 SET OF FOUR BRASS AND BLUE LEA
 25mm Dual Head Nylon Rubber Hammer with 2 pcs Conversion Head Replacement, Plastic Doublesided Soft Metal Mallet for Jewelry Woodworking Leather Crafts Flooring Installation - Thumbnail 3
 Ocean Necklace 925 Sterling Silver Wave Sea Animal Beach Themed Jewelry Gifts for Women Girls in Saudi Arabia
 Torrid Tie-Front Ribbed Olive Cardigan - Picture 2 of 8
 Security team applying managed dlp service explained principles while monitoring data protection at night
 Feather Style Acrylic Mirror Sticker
—————
Your reply should be the lines from the one that contains "Torrid Tie-Front Ribbed" through the end of the listing above, repeated exactly.

■ **WRITTEN RESPONSE**:
 Torrid Tie-Front Ribbed Olive Cardigan - Picture 2 of 8
 Security team applying managed dlp service explained principles while monitoring data protection at night
 Feather Style Acrylic Mirror Sticker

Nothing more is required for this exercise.